Published online by Cambridge University Press: 05 June 2012
The burgeoning literature on the Vietnam War testifies to its status as a defining event in American history. The early availability of a considerable body of documentation on U.S. policymaking in Washington and warmaking in Vietnam, together with the intensity of controversies stirred by the war, help to account for this extensive writing. The duration of the war and its antecedents – a thirty-year process between Ho Chi Minh's 1945 assertion of independence in the name of the Democratic Republic of Vietnam and the Ho Chi Minh campaign of 1975 that reunified the country – make this a lengthy story and one being told more in fragments than in its entirety. Hence, while much early scholarship was devoted to American policy and actions in World War II and the early Cold War, the more recent focus has moved to subsequent developments, with considerable attention to the administrations of Dwight D. Eisenhower and Lyndon B. Johnson.

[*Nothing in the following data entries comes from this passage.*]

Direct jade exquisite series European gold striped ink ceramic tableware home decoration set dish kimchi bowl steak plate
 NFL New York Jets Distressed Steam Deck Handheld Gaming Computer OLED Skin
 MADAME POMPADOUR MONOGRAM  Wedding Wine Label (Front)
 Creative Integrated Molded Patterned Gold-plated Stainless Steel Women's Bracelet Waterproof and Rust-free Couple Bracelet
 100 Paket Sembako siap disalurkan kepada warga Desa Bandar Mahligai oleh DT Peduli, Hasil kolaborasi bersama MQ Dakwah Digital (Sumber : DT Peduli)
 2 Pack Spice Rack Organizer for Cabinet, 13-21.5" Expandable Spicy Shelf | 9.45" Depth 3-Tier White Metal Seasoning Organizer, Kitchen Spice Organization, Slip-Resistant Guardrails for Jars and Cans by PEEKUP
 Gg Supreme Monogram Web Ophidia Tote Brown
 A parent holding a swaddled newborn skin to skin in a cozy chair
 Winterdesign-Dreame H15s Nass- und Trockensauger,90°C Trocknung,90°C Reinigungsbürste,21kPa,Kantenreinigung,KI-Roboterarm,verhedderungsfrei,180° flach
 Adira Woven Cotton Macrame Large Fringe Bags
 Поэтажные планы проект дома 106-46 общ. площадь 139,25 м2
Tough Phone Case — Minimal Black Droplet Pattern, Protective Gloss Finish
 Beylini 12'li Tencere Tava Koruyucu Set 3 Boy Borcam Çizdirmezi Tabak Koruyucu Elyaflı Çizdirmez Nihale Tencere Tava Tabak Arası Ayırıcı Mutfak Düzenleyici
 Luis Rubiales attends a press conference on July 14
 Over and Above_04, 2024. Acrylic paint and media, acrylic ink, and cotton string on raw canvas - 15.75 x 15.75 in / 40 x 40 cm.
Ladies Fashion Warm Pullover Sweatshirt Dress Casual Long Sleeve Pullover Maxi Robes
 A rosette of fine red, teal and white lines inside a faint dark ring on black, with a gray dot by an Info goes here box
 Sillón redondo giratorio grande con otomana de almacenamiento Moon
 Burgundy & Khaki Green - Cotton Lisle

Most scholarship has been devoted to the American side, but the emerging literature includes a number of important efforts to see the conflict from Vietnamese perspectives and to set it in an international context. This essay explores the development of the principal interpretive issues in an emerging Vietnam War historiography with a focus on the literature that has appeared in the last dozen years.
At one time, the Vietnam War seemed easily understandable. While it was being waged, the predominant (orthodox) interpretation saw the United States, driven by a mindless anticommunism and with disregard for Vietnamese politics and culture, being drawn into a conflict that it could not win.